274388 Children and "The Case Against Rubella"

Tuesday, October 30, 2012 : 4:30 PM - 4:50 PM

Leslie Reagan, PhD , History Department, University of Illinois, Urbana, IL
The federal government had put money into research for a vaccine against German measles/rubella and in 1969 provided the newly developed vaccine to private companies without a patent, but planned on funding only a tiny fraction of the vaccinations believed necessary. As a result, the 1970 public health campaign to protect expectant mothers and their future children from German measles and the birth defects it caused when pregnant women caught the virus had to rely upon private businesses and voluntary health organizations to produce health education materials. Drawing upon my book, Dangerous Pregnancies, about German measles and the 1960s epidemic, this paper analyzes rubella vaccine materials, focusing particularly upon The Case Against Rubella, a film produced by pharmaceutical company, Smith, Kline, and French Laboratories. This film and much of the vaccine education/advertising put children with disabilities on display in order to represent the terrible effects of rubella and the threat if one failed to immunize. The film relied upon social fears of disabilities, and desires for a normal child, a normal school, and a normal family to promote the vaccine. Disabled children made the case against rubella, just as they made the case for polio and other vaccines. Children with disabilities appeared in material for both mothers and for the children targeted for immunization. This paper will also compare rubella educational materials to other vaccine media messages past and present.

Learning Areas:
Administer health education strategies, interventions and programs
Administration, management, leadership
Advocacy for health and health education
Ethics, professional and legal requirements
Public health or related education
Public health or related laws, regulations, standards, or guidelines

Learning Objectives:
Analyze the implicit messages about disability and normality that were conveyed in marketing of the rubella vaccine in the 1970s.

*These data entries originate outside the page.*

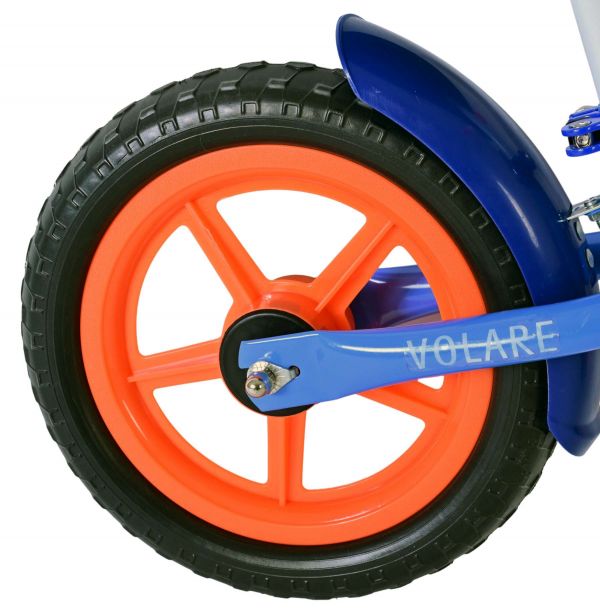 Volare loopfiets - Blauw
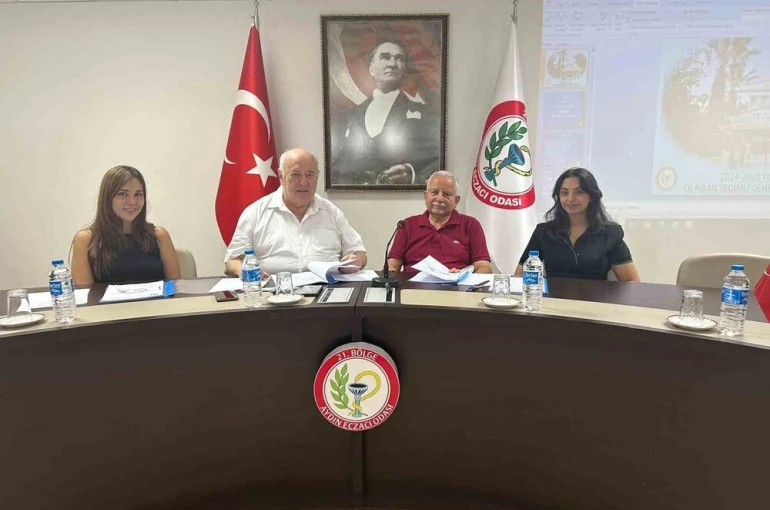 Başkan Karaaslan ’sahte ilaç’ konusuna dikkat çekti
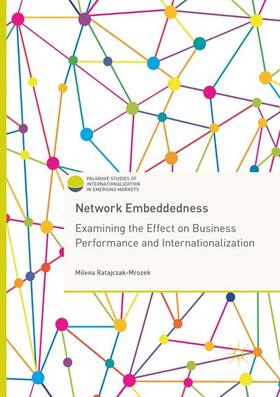 Ratajczak-Mrozek |  Network Embeddedness | Buch |  Sack Fachmedien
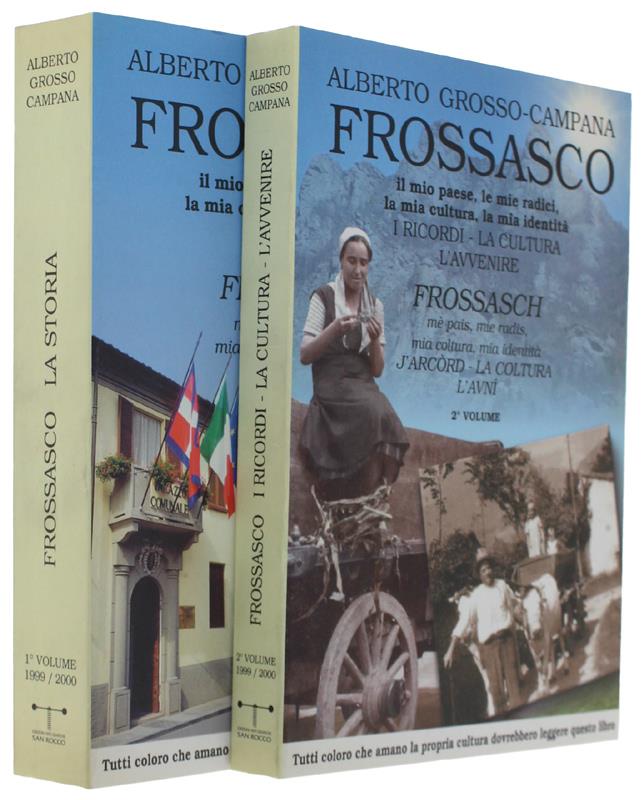 Bergoglio Libri d'Epoca Snc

Keywords: Rubella, Child Health

Presenting author's disclosure statement:

Qualified on the content I am responsible for because: I have more than fifteen years of experience researching the topics covered in this presentation, including the history and politics of pregnancy, prenatal care, women’s health, and abortion. She is the author of two books on these subjects, When Abortion Was a Crime (University of California Press, 1998) and Dangerous Pregnancies: Mothers, Disabilities, and Abortion in Modern America (University of California Press, 2010).
Any relevant financial relationships? No

I agree to comply with the American Public Health Association Conflict of Interest and Commercial Support Guidelines, and to disclose to the participants any off-label or experimental uses of a commercial product or service discussed in my presentation.